Fix bad counting in SQL when enforcing Drydock allocator soft limits
ClosedPublic
Actions

Authored by epriestley on Oct 14 2015, 12:26 PM.

Details

Reviewers

hach-que
chad

Maniphest Tasks

T9252: Unprototype Drydock (v1)

Commits

Restricted Diffusion Commit
rPac7edf54afe4: Fix bad counting in SQL when enforcing Drydock allocator soft limits

Summary

Ref T9252. This fixes a bug from D14236. D14272 discusses the observable effects of the bug, primarily that the window for racing is widened from ~a few milliseconds to several minutes under our configuration.

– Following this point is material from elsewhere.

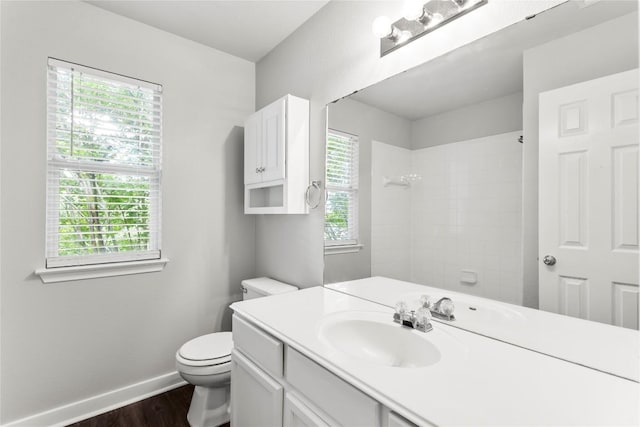 1600 Gretchen Dr, Cedar Park, TX 78613 - full bathroom featuring wood finished floors, vanity, healthy amount of natural light, and a shower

This SQL query is missing a GROUP BY clause, so all of the resources get counted as having the same status (specifically, the alphabetically earliest status any resource had, I think). For test cases this often gets the right result since the number of resources may be small and they may all have the same status, but in production this isn't true. In particular, the allocator would sometimes see "35 destroyed resources" (or whatever), when the real counts were "32 destroyed resources + 3 pending resources".

Since this allocator behavior is soft/advisory this didn't cause any actual problems, per se (we do expect races here occasionally), it just made the race very very easy to hit. For example, Drydock in production currently has three pending working copy resources. Although we do expect this to be possible, getting 4 resources when the configured limit is 1 should be hard (not lightning strike / cosmic radiaion hard, but "happens once a year" hard).

Also exclude destroyed resources since we never care about them.

Test Plan

Followed the plan from D14272 and restarted two Harbormaster workers at the same time.

After this patch was applied, they no longer created two different resources (we expect it to be possible for this to happen, just very hard).

We should still be able to force this race by putting something like sleep(10) right before the query, then sleep(10) right after it. That would prevent the allocators from seeing one another (so they would both think there were no other resources) and push us down the pathway where we exceed the soft limit.